- [Work item]: With the pictures omitted, write out all of the listing exactly.

- [Data shown]:
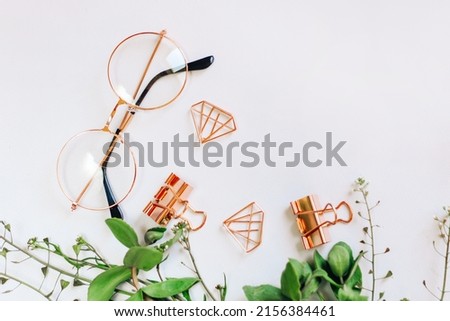 Glasses, paper clips and clips in the form of rose gold diamonds on a background with green plants.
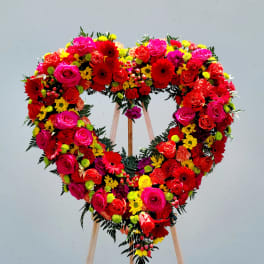 Heart-shaped floral wreath on a wooden stand with red, pink, and yellow flowers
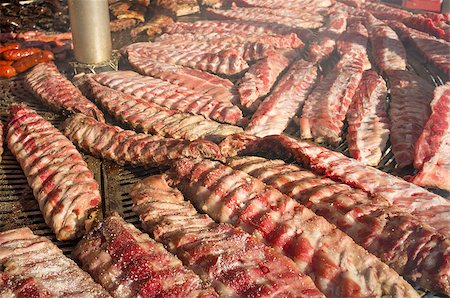 Pork ribs that have just put on the barbecue Stock Photo - Budget Royalty-Free & Subscription, Code: 400-07294267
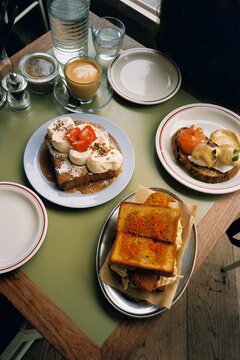 Avocado Toast with Poached Egg and Hollandaise Sauce at Brunch Cafe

- [Result for this exercise]:
 Glasses, paper clips and clips in the form of rose gold diamonds on a background with green plants.
 Heart-shaped floral wreath on a wooden stand with red, pink, and yellow flowers
 Pork ribs that have just put on the barbecue Stock Photo - Budget Royalty-Free & Subscription, Code: 400-07294267
 Avocado Toast with Poached Egg and Hollandaise Sauce at Brunch Cafe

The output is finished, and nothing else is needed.